This is an appeal from an order denying the defendant post-conviction relief from five convictions and sentences entered on guilty pleas in 1985. We reverse.
The substantive offenses charged against Wilson in case numbers 85-5518 (carrying a concealed firearm), 85-7625 (armed robbery), 85-7884 (armed robbery), 85-19261 (aggravated assault), and 85-12883D (escape) also constituted violations of the community control portion of Youthful Offender Act (Y.O.A.) sentences imposed in two 1982 prosecutions, involving charges of burglary of a dwelling, grand theft second degree, and unlawful possession of a firearm (case numbers 82-4767, 82-13209A). Before Wilson pled to violation of community control in the 1982 cases and to the substantive 1985 cases, he was informed that he faced a maximum sentence of sixty-five years on the violation of the Y.O.A. charges. On that basis, and with that understanding, he entered into a package deal in which he agreed to plead guilty to all of the offenses in return for what were thought to be reduced sentences of thirty years on the violation of the 1982 Y.O.A. convictions and a concurrent thirty-five years on the 1985 charges. He has been in state prison ever since.

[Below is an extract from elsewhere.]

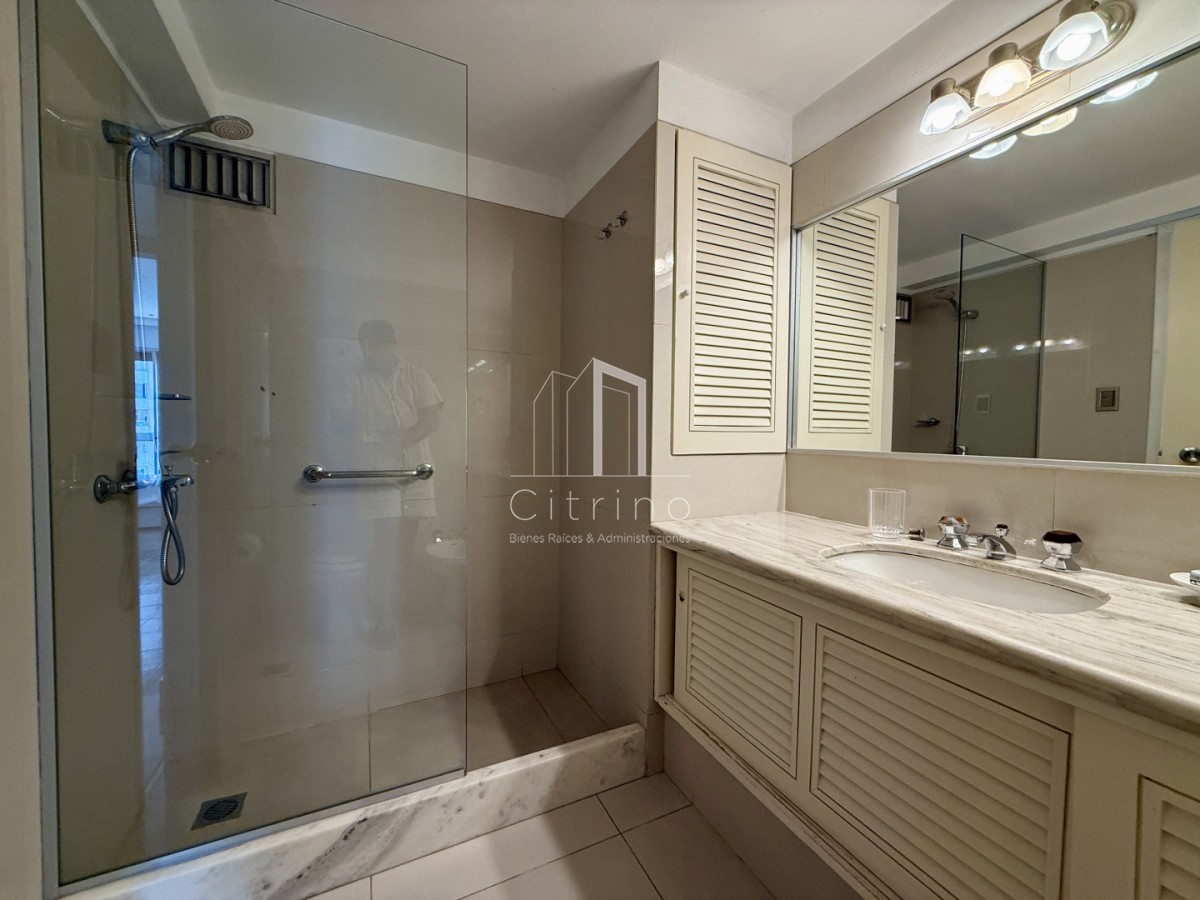 Apartamento ID.2323 - Alquiler temporal  Torre El Torreón  Punta del Este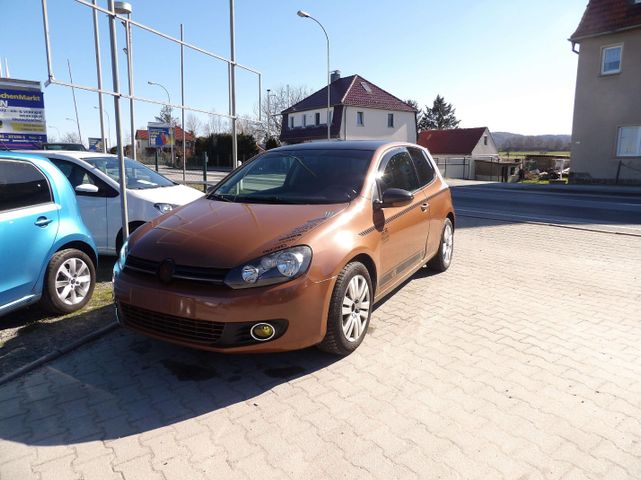 Volkswagen Golf Trendline, Klima, HU-AU  NEU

In fact, both the representation about the sixty-five-year exposure and the actual sentences of thirty years in the Y.O.A. cases were directly contrary to the applicable law. As established by the Supreme Court in State v. Arnette, 604 So.2d 482 (Fla.1992), on the dates in question here, no more than six-year concurrent sentences could be lawfully imposed. Arnette, 604 So.2d at 482; Allen v. State, 526 So.2d 69 (Fla.1988).1 After initially resisting a 3.800 motion filed by Wilson in 1999 to correct the Y.O.A. sentences, the prosecution correctly conceded that it was well-founded. Accordingly, on January 14, 2000, the trial court duly reduced the Y.O.A. sentences from thirty years to the six-year lawful maximum.
In the present case, filed thereafter on October 2, 2001,2 Wilson sought 3.850 relief from the 1985 substantive sentences on the quite obvious ground that the pleas in those cases had been induced by the total misadvise as to his possible sentence and the actual missentences in the Y.O.A. cases. The undisputed facts clearly establish the accuracy of this contention, and that Wilson is entitled to relief as a matter of law on that basis. See Kemner v. State, 770 So.2d 276 (Fla. 4th DCA 2000); Bennett v. State, 724 So.2d 161 (Fla. 5th DCA 1998); Little v. State, 673 So.2d 151 (Fla. 1st DCA 1996); Kelly v. State, 623 So.2d 619 (Fla. 4th DCA 1993). The order under review is therefore reversed and the cause is remanded with directions to permit him to withdraw his pleas in case numbers 85-5518, 85-7625, 85-7884, 85-19261 and 85-12883D.3
Reversed and remanded.
FOOTNOTES
1. The sentencing consequences of violating Y.O.A. community control have since been amended on several occasions. See State v. Meeks, 789 So.2d 982 (Fla.2001); Johnson v. State, 678 So.2d 934 (Fla. 3d DCA 1996).
2. The petition was timely filed within the two-year period provided by Rule 3.850(b)(1) from the date that the Y.O.A. sentences were “newly discovered” to be erroneous by their correction of record on January 14, 2000. Graddy v. State, 685 So.2d 1313 (Fla. 2d DCA 1996).
3. No evidentiary hearing is required.
SCHWARTZ, Chief Judge.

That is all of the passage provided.